A rule proposed Monday would lay out a clear relief process for borrowers who believe they were lied to about job prospects after college or otherwise deceived in order to enroll in the school. It also aims to hold schools accused of fraud or at financial risk more accountable by requiring them to notify prospective and enrolled students, as well as set aside money that could help cover future claims against the school.
The proposal follows the collapse last year of Corinthian Colleges, one of the largest for-profit college companies.
"A college degree remains one of the best investments anyone can make in his or her future," Education Secretary John B. King Jr. said on a call with reporters. "But that's only true if it's a meaningful degree that helps you land a better job, not if it's a worthless piece of paper that's an artifact of deception rather than proof of accomplishment."
Undersecretary Ted Mitchell said the new regulations, expected to be in place by July 2017, "would replace a complicated uneven and burdensome standard that varies by state with a new robust federal standard that will allow easy use by students."

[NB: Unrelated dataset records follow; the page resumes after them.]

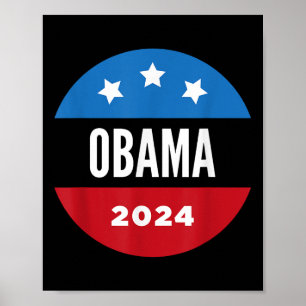 Michelle Obama 2024 _ Obama 2024 President Liberal Poster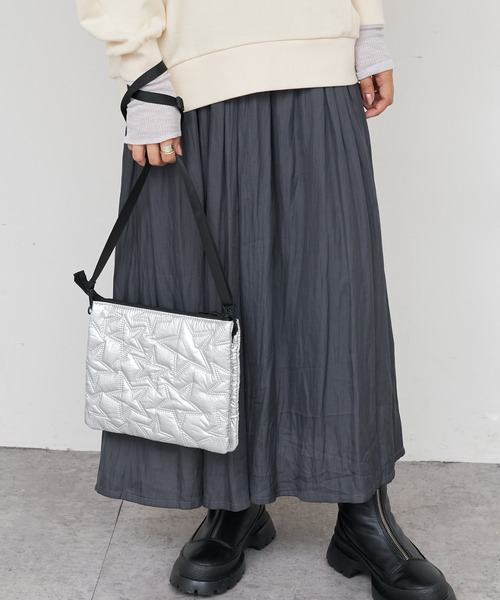 CONTROL FREAK / CTFK（コントロールフリーク）の「【CONTROL FREAK/コントロールフリーク】スタースタンプレイヤードサコッシュ（ボディバッグ/ウエストポーチ・レディース・シルバー・ONE SIZE）」の8枚目の写真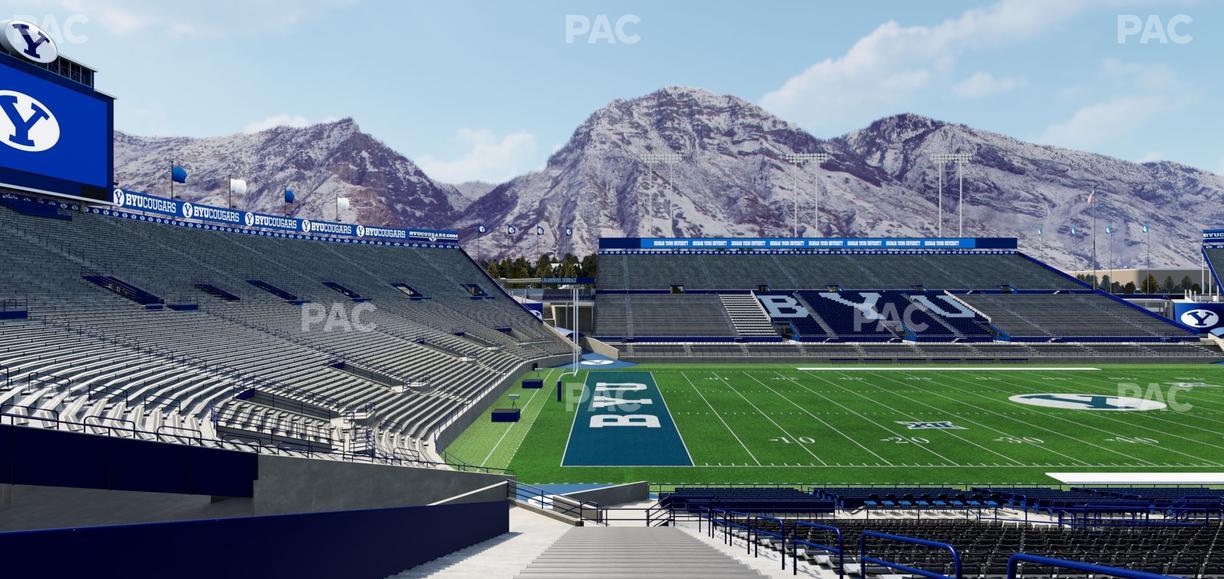 LaVell Edwards Stadium - Section 9 Seat View
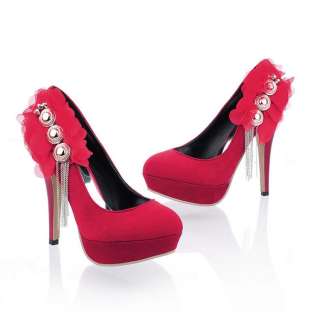  Platform Lace Pumps High Heels Pumps Women Shoes US Size 5 9 X319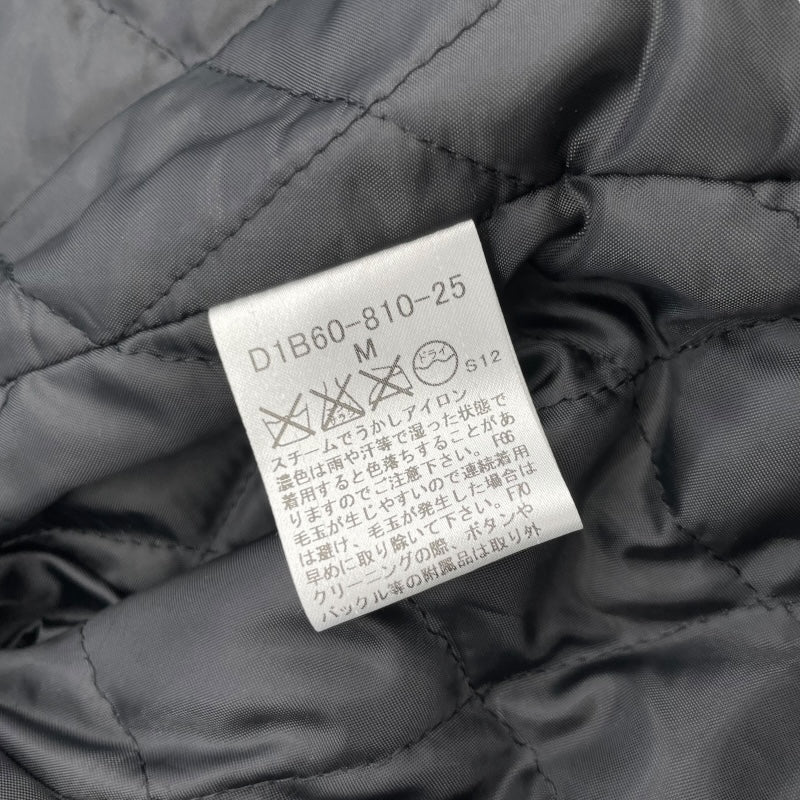 バーバリーブラックレーベル BURBERRY BLACK LABEL ウールステンカラーコート D1B60-810-25 ブルー ウール メンズ ステンカラーコート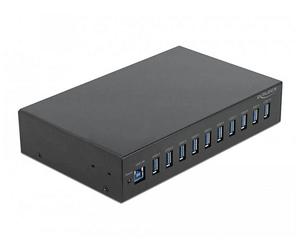HUB USB DELOCK 64112 USB 3.2 Gen 1 10 porte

The proposal would streamline debt relief for groups of students if they all experienced the same misconduct by a school, such as instances of wide misrepresentation -- meaning they all wouldn't have to file individual applications for loan forgiveness.
The new provisions also would bar schools from forbidding students from class-action lawsuits as part of enrollment agreements, something Corinthian had done.
A whistleblower raised concerns about Corinthian in early 2011, alleging that employees of the for-profit chain fabricated employers to make it appear as though unemployed graduates had secured good jobs in their careers of study. California's attorney general filed a lawsuit in 2013, alleging rampant lies to students about job placement.
Corinthian filed for bankruptcy protection last year, closing schools and leaving thousands of students with hefty debt and frustrated their efforts to earn degrees.
The Education Department continues to vet thousands of requests from Corinthian students for relief from their federal loans. So far, it has erased the debt for more than 8,800 former Corinthian students, totaling more than $132 million. But that's only a small fraction of the estimated $3.6 billion in federal loans given to Corinthian students.